"Rachael Hegarty's Dancing with Memory is a unique suite of poems -
and of dances - where a parent's dissipating memories are renewed and
reoccurred in vivid, tender and honest verses that span a lifetime. Shot
through with love, these poems not only recreate memories slipping away
from a mother afflicted by dementia, but grow into a social portrait of
Irish working class life over the past century through a mosaic of
memories. Each moment is framed amid the swirl of a new dance, from
Charlestons danced in wartime inner city flats to new crazes embraced as
each turbulent decade passes, bringing joys and afflictions. It is a
beautifully rendered tribute to a woman whose dance card in life was
always full: a compassionate collection that conjures its own
soundtrack, culled from a well-lived life." -- DERMOT BOLGER
"Terpsichore is the Muse of Dance, one of the nine Muses, those
daughters of Memory; and Terpsichore is surely the guardian spirit in
Rachael Hegarty's new collection of poetry. Here is a biography of her
mother, Bernadette, charted through dance as it moves through the
mother, the culture, the city of Dublin. And through the generations.
We dance with Bernadette through the beats, the steps, the stomps, the
swings, the glides, the verve of these lines of poetry. We share the
childhood, the coming to womanhood, the early motherhood, the glorious
rambunctiousness of her large brood, the loneliness of her widowhood,
through her bleak times and times of joy. When Bernadette begins her
amnesiac journey into dementia, Rachael Hegarty's act of remembrance
comes home to us in its full significance: the poet become the mother's
memory keeper.
The work is cast in the enduring lyric patterns of sonnet & villanelle,
These inherited patterns, whose roots go back to folksong, allow for a
powerful formal enshrining of that life. They scan Bernadette from the
cradle in 1937 to the announcement of lockdown in the spring of 2020,
when she is already in a care home.
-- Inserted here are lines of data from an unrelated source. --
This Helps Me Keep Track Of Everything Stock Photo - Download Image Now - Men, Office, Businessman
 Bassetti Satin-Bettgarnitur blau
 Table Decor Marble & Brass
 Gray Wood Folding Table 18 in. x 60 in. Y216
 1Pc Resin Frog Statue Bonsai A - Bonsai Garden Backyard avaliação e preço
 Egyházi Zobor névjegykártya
Traditional forms, contraptions of
memory themselves, have the accumulated power of centuries behind them,
and in Rachael Hegarty's deft hands are fit and noble vehicles for
witness.
In this age of transition, when we are handing authority for memory to
the machines, where we have governance by metadata, one of Poetry's
destinies is to continue to dignify human memory, to value its
retrievals, to build an archive of individual truth. In this new work
Rachael Hegarty puts all her considerable craft & art at its service."